Work to be completed ▸ Could you please output all of the data exactly, without the images?

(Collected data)
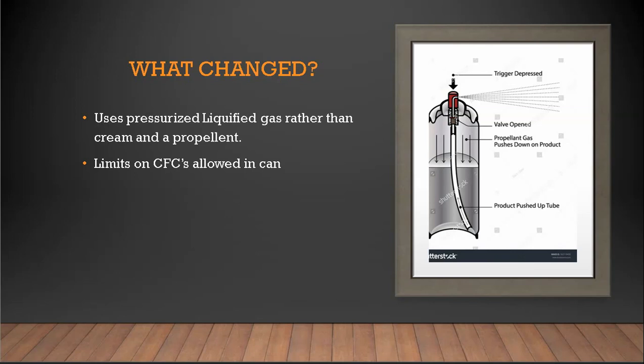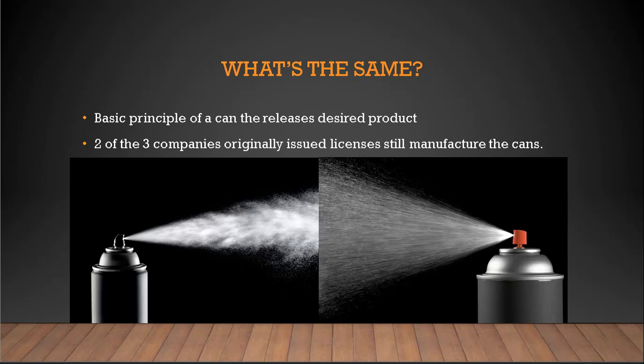Really, there hasn't been very much change in aerosol cans since the original patent was made. The basic principle remains: you have your product in the can, you push a button, and out comes whipped cream, mosquito repellent, or whatever you want. When the U.S. originally issued the first licenses for manufacturers to make these cans, it only issued three. Of those three companies, two are still in business, still manufacturing these cans today. That's everything I wanted to cover about aerosol cans — thanks for watching.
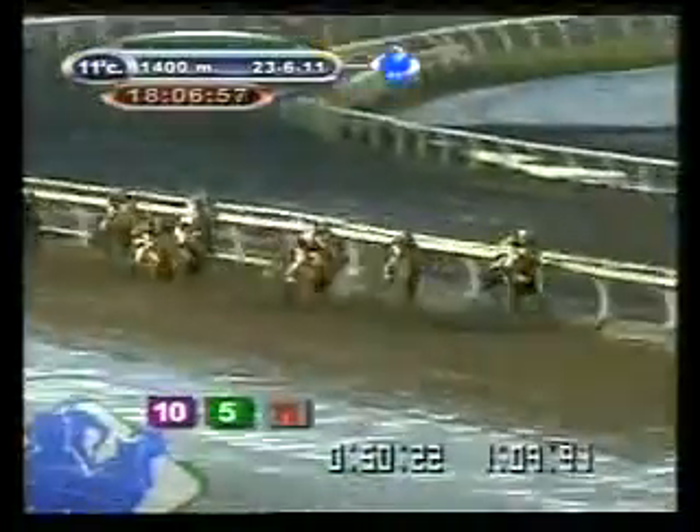El número 14 por dentro del 5. Ingresaron en la recta principal. 400 metros para el disco. El 10 al frente de la carrera, 4.5 de ventaja sobre el competidor. Number 11, which is from outside the line of the punter, along with the 5, 4, the 14, very close to the 12.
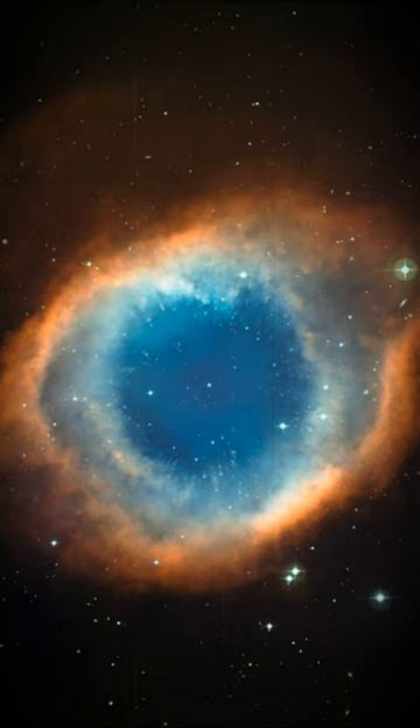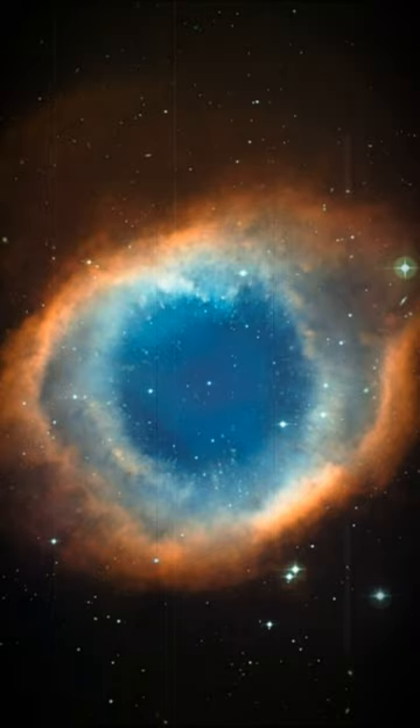This image was created from images through blue, green and red filters, and the total exposure times were 12 minutes, 9 minutes and 7 minutes respectively.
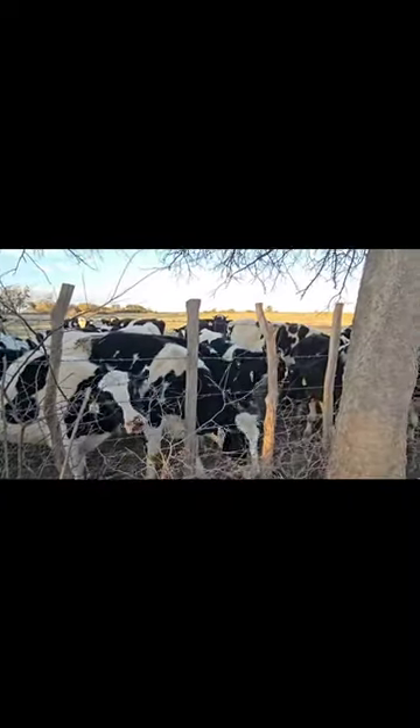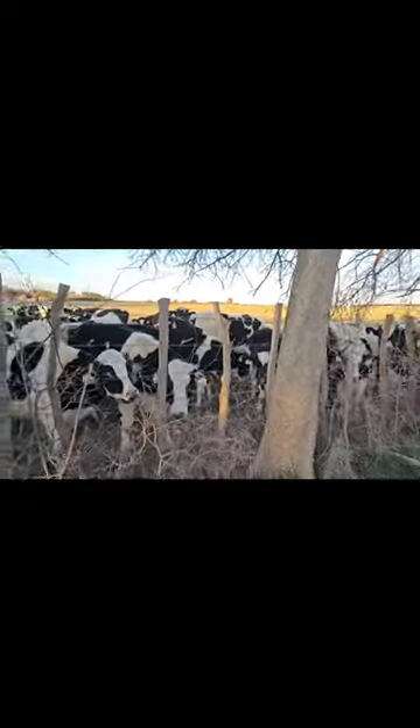Look what I found — my models this morning! This beautiful herd has gathered around to watch me paint.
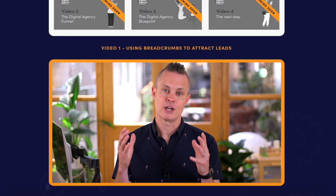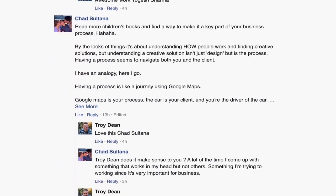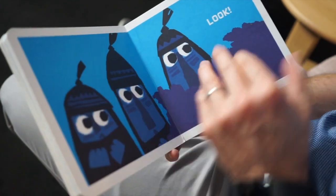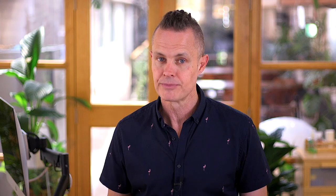Before we dive in, I just want to say a huge thank you for all the comments and positive feedback we've had on that first video. In that first video, we talked about how everything you've been told about lead gen and getting clients is totally wrong, and I explained what you should be doing instead. Remember, I said leave great breadcrumbs and you'll attract great birds? Well that really seemed to hit a nerve. Your trail of breadcrumbs should lead to the top of your funnel — a specific funnel designed to help you get more high-paying clients.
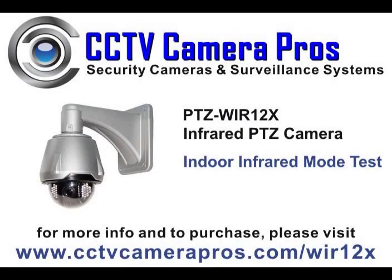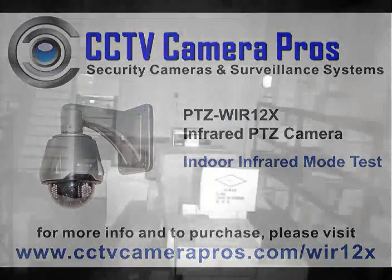The following video demonstrates the infrared mode capability of the WIR-12X infrared pan tilt zoom camera in complete darkness. For this demo, we place the camera in a warehouse with zero light.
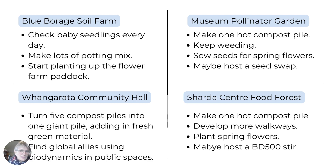Whangarata Community Hall: turn those five piles into one, layering in fresh green material. I also need to find global allies using biodynamics in public spaces — I need case studies, evidence, and support, so that's my research task. At Sharda, one hot compost pile is enough for the month. I'd like to develop more walkways to make it safe on the steep slope, get some spring colouring, and maybe host a 500-ster. I've got a feeling the spring equinox might be a fun time to do that — but I'll see if I get rid of this cold and check the weather and any bookings at Sharda.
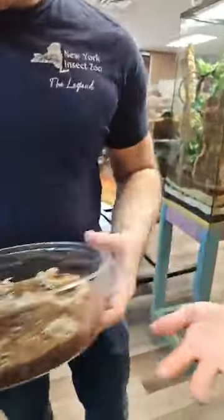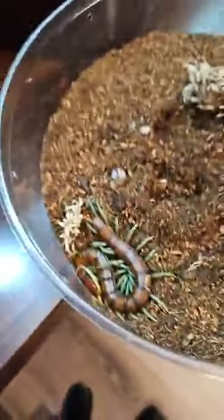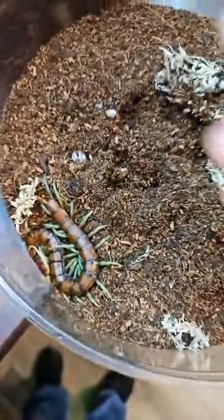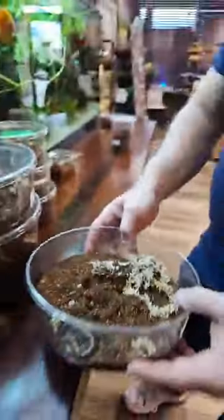This last one here is the Mint Leg centipede. These will hit about eight inches — a fairly good-sized centipede with really nice green, bluish-green legs. Very pretty centipede and very uncommon in the United States.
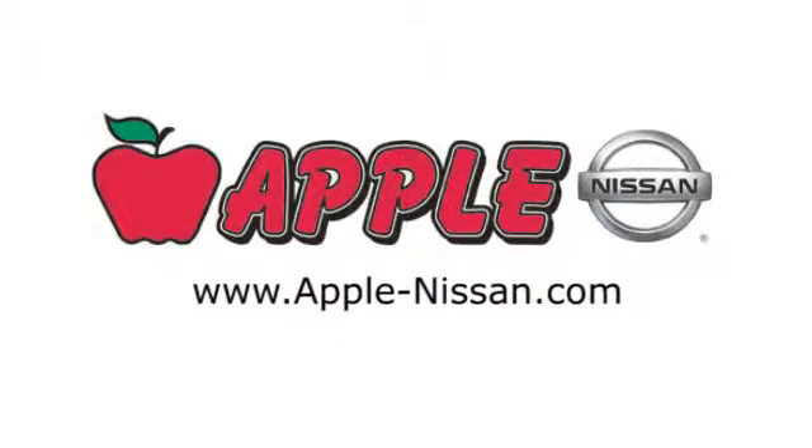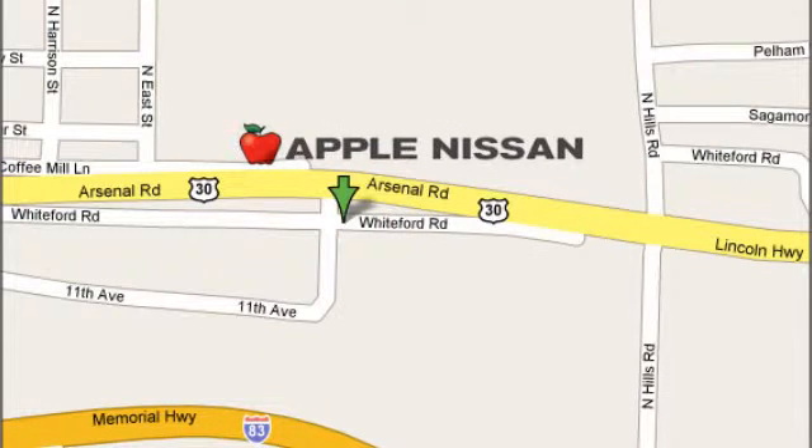Apple Nissan offers a great selection, exceptional service, and the value you expect. We are conveniently located at 1510 Whiteford Road in York, Pennsylvania.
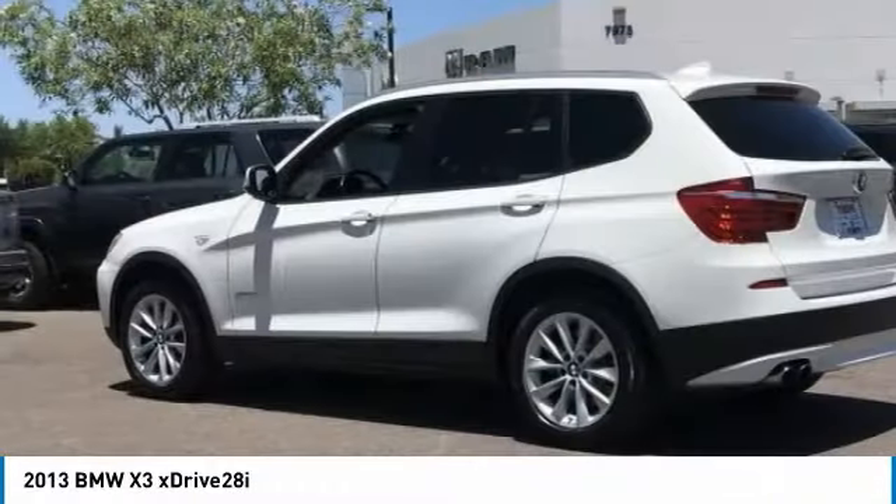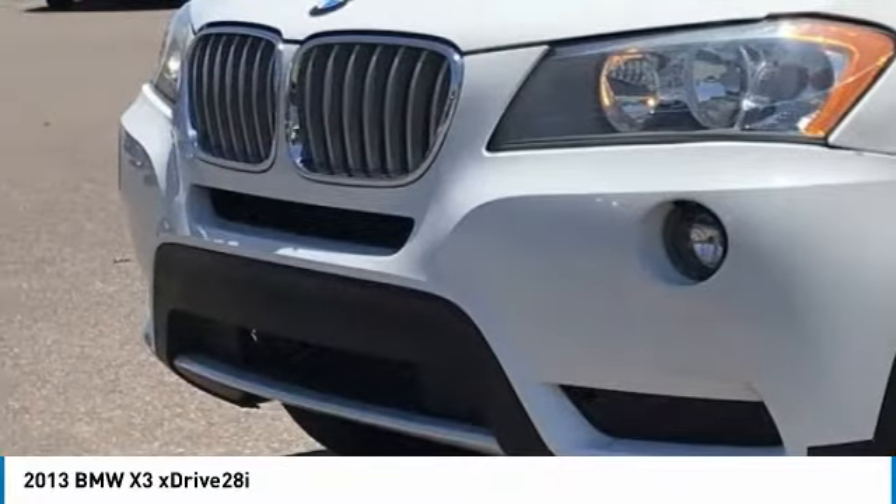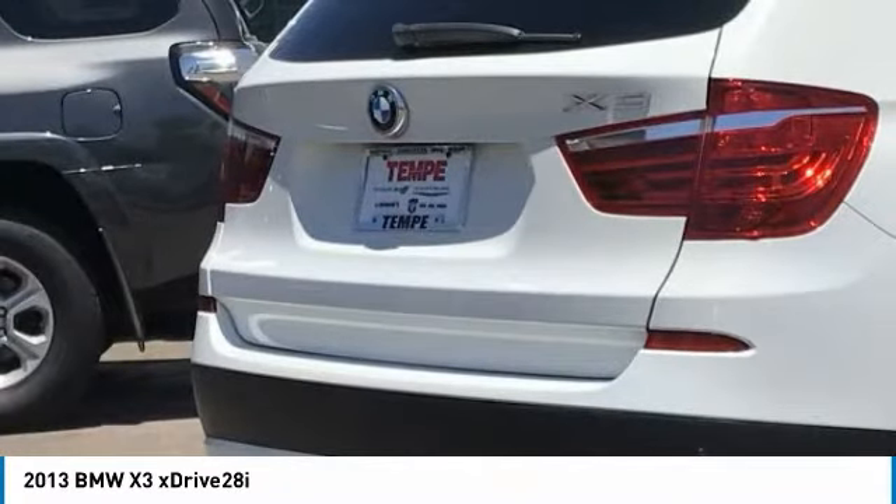Take a look at the 2013 BMW X3. The BMW X3 builds on the success of the original by developing its core competencies while adding new technology to establish new benchmarks for agility, efficiency, and comfort.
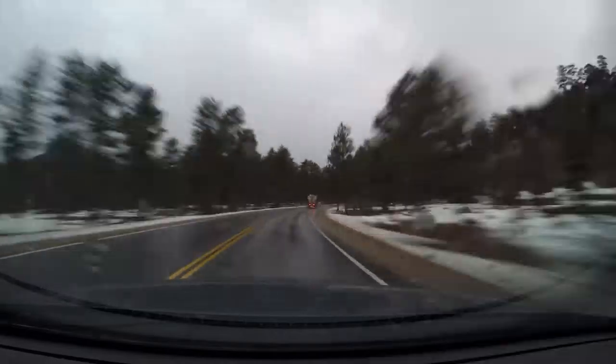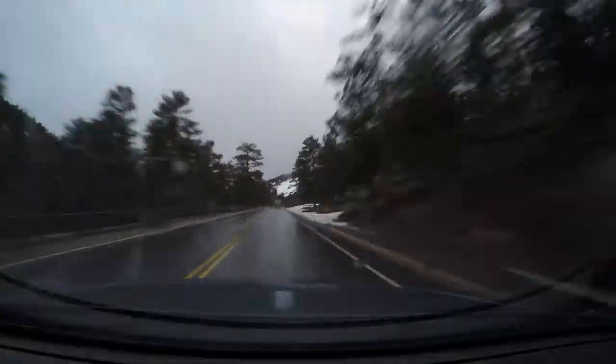So here we are, Rocky Mountain National Park. We've got some pretty good rain coming down here at the moment. Looks like some snow at some higher elevations. Not quite enough snow on the ground currently for snowshoes, which is a bit of a bummer. But we should still be able to have a really fun day with some really cool, unique images.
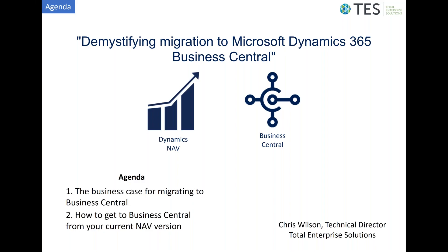Hello and welcome to this presentation on demystifying the migration to Microsoft Dynamics Business Central. Today we're going to be talking about the business case for considering the migration and how that migration might be achieved from your current NAV version.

Reply ▸
Really, there hasn't been very much change in aerosol cans since the original patent was made. The basic principle remains: you have your product in the can, you push a button, and out comes whipped cream, mosquito repellent, or whatever you want. When the U.S. originally issued the first licenses for manufacturers to make these cans, it only issued three. Of those three companies, two are still in business, still manufacturing these cans today. That's everything I wanted to cover about aerosol cans — thanks for watching.
El número 14 por dentro del 5. Ingresaron en la recta principal. 400 metros para el disco. El 10 al frente de la carrera, 4.5 de ventaja sobre el competidor. Number 11, which is from outside the line of the punter, along with the 5, 4, the 14, very close to the 12.
This image was created from images through blue, green and red filters, and the total exposure times were 12 minutes, 9 minutes and 7 minutes respectively.
Look what I found — my models this morning! This beautiful herd has gathered around to watch me paint.
Before we dive in, I just want to say a huge thank you for all the comments and positive feedback we've had on that first video. In that first video, we talked about how everything you've been told about lead gen and getting clients is totally wrong, and I explained what you should be doing instead. Remember, I said leave great breadcrumbs and you'll attract great birds? Well that really seemed to hit a nerve. Your trail of breadcrumbs should lead to the top of your funnel — a specific funnel designed to help you get more high-paying clients.
The following video demonstrates the infrared mode capability of the WIR-12X infrared pan tilt zoom camera in complete darkness. For this demo, we place the camera in a warehouse with zero light.
Whangarata Community Hall: turn those five piles into one, layering in fresh green material. I also need to find global allies using biodynamics in public spaces — I need case studies, evidence, and support, so that's my research task. At Sharda, one hot compost pile is enough for the month. I'd like to develop more walkways to make it safe on the steep slope, get some spring colouring, and maybe host a 500-ster. I've got a feeling the spring equinox might be a fun time to do that — but I'll see if I get rid of this cold and check the weather and any bookings at Sharda.
This last one here is the Mint Leg centipede. These will hit about eight inches — a fairly good-sized centipede with really nice green, bluish-green legs. Very pretty centipede and very uncommon in the United States.
Apple Nissan offers a great selection, exceptional service, and the value you expect. We are conveniently located at 1510 Whiteford Road in York, Pennsylvania.
Take a look at the 2013 BMW X3. The BMW X3 builds on the success of the original by developing its core competencies while adding new technology to establish new benchmarks for agility, efficiency, and comfort.
So here we are, Rocky Mountain National Park. We've got some pretty good rain coming down here at the moment. Looks like some snow at some higher elevations. Not quite enough snow on the ground currently for snowshoes, which is a bit of a bummer. But we should still be able to have a really fun day with some really cool, unique images.
Hello and welcome to this presentation on demystifying the migration to Microsoft Dynamics Business Central. Today we're going to be talking about the business case for considering the migration and how that migration might be achieved from your current NAV version.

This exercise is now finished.